■ Description of the task
Nothing should appear in the answer except the lines from the one with "Bullet holes in a glass door" through the end of the listing below, transcribed exactly and without pictures.

■ Collected material
<<<<

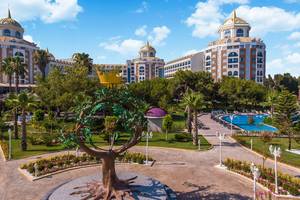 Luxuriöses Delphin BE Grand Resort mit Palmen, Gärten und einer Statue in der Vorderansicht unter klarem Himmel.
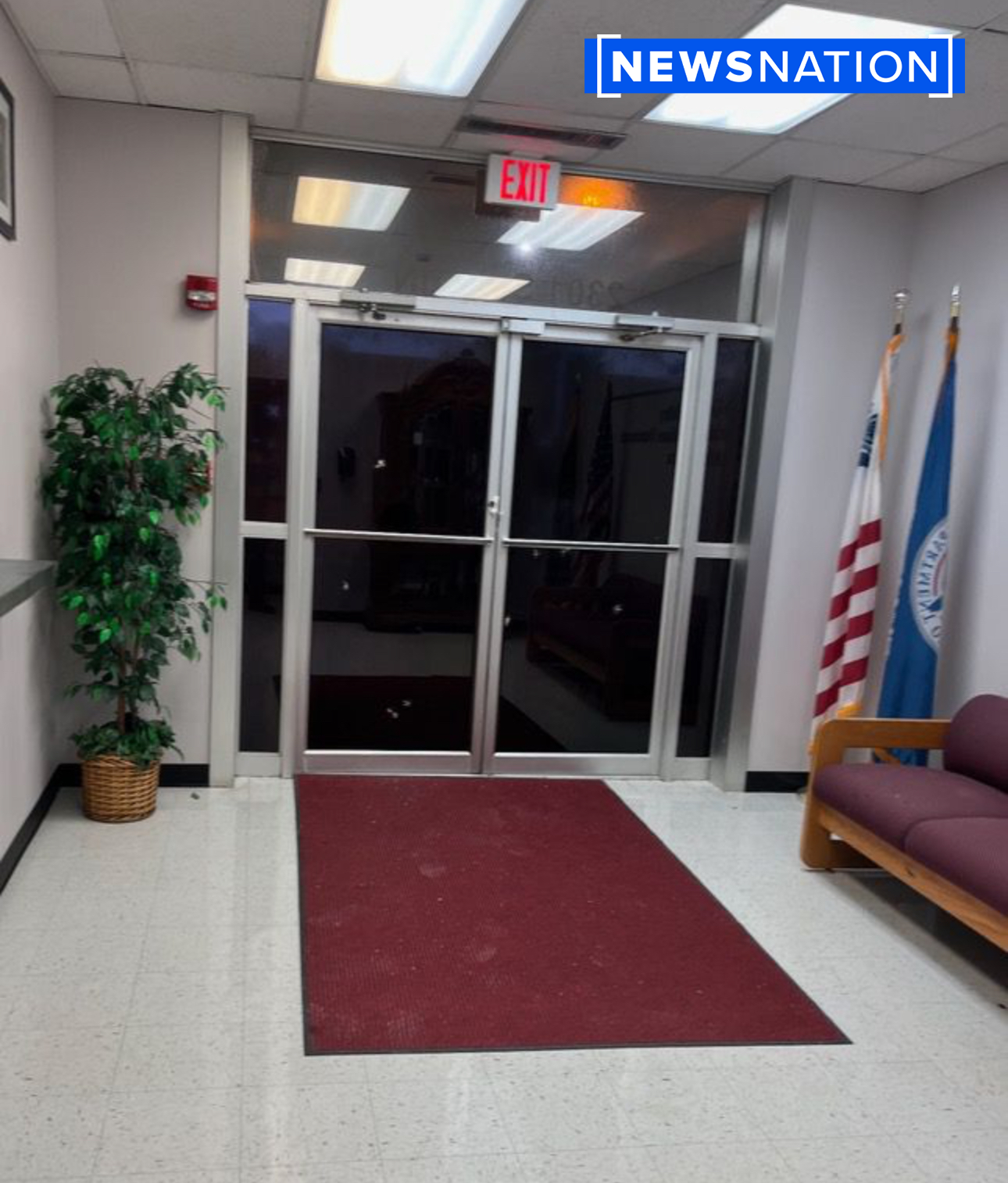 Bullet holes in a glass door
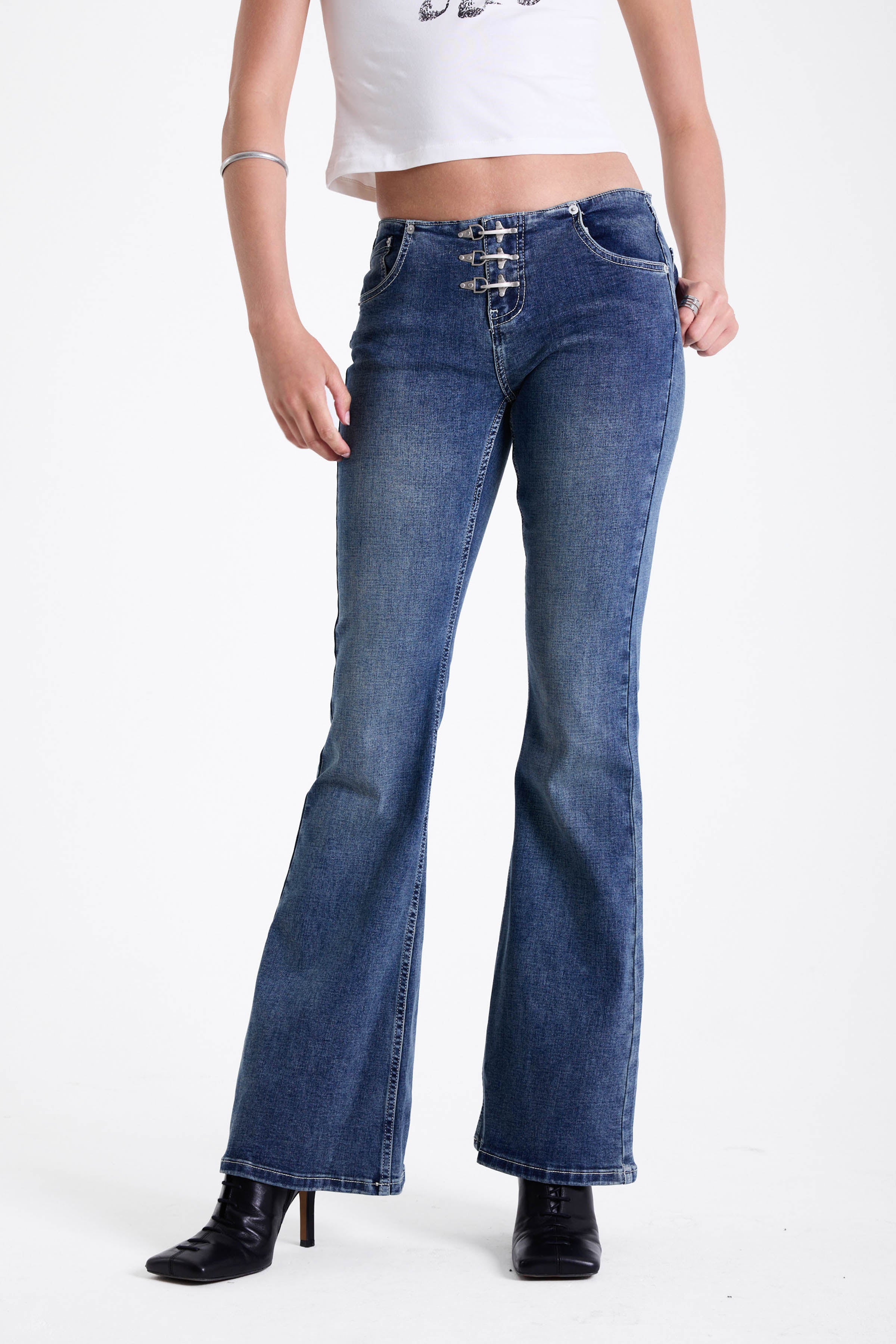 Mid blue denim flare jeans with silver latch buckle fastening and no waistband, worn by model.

>>>>

■ Output
 Bullet holes in a glass door
 Mid blue denim flare jeans with silver latch buckle fastening and no waistband, worn by model.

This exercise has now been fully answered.